Barnett v. County of Contra Costa

67 Cal. 77 | Cal. | 1885

Ross, J.

"In the United States there is no ' common-law Obligation resting upon quasi corporations, such as counties, townships, and Hew England towns, to repair highways, streets, or bridges within their limits, and they are not obliged to do so unless by force of statute. Even when the legislature enjoins upon corporations of this character the duty to make and repair roads, streets, and bridges, and confers the power to levy taxes therefor, the general tenor of the decisions is to treat this as a public and not a corporate duty, and to regard such corporations, in this respect, as public or State agencies, and not liable to be sued civilly for damages caused by the neglect to perform this duty, unless the action be expressly given by statute.” (2 Dillon Mun. Corp. § 996.) Such is the rule in this State. (Sherbourne v. Yuba Co. 21 Cal. 113; Huffman v. San Joaquin Co. 21 Cal. 427; Crowell v. Sonoma Co. 25 Cal 313; Winbigler v. Los Angeles, 45 Cal. 36.)

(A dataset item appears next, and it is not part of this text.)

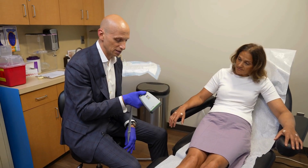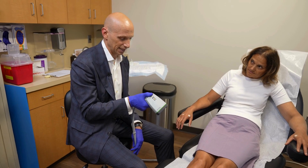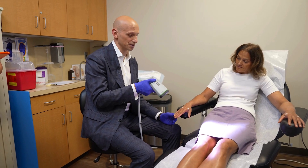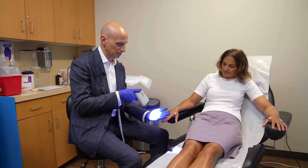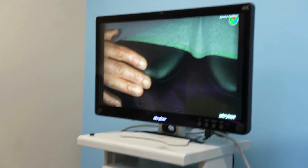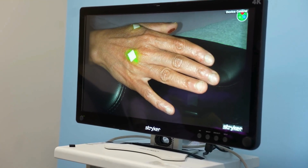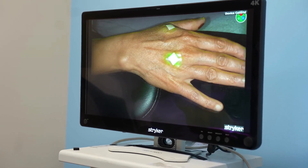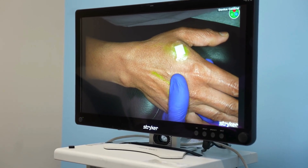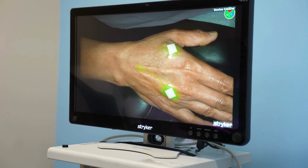This is an ICG. This is a near-infrared camera, and now we're in spy mode. There are a number of different near-infrared cameras that will cause the ICG to fluoresce, and if you look on the screen here you can start seeing the ICG — and there's a nice lymphatic right there.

It is said for the plaintiff that the legislature, by section 50 of the act, entitled “an act concerning- roads and highways in Contra Costa County ” (Stats. 1875-76, p. 237), has made that county responsible in damages for injuries resulting from defective bridges therein. The section reads as follows:—

“ The county is responsible for providing and keeping passable and in good repair bridges and all public highways; and the supervisors must appoint semi-annually a special meeting, at which the road overseers, on days set apart for their respective districts, to hear highway and bridge reports and complaints from officers and citizens, when such orders must be made and such action had regarding the same as the public welfare demands.”

It is not an easy matter to say exactly what this language does mean, but we are inclined to think that its effect, which is in harmony with previous provisions of the act, simply is to put upon the county, through its supervisors and road overseers, *79the responsibility and duty of keeping passable and in good repair all bridges and public highways within the county. It certainly does not say that the county shall be responsible in damages for a failure to keep the bridges in repair, nor in our opinion, is such the effect of the language used. The rule that the county was not responsible for injuries in such cases was firmly established by the decisions in this State at the time the act in question was passed; and if the legislature had intended to alter it, it is to be presumed that it would have used appropriate language for the purpose. Certainly, it ought not to be held that an established rule of law has been changed by doubtful and ambiguous language.

Judgment and order reversed, and cause remanded.

McKinstry, J., and McKee, J., concurred.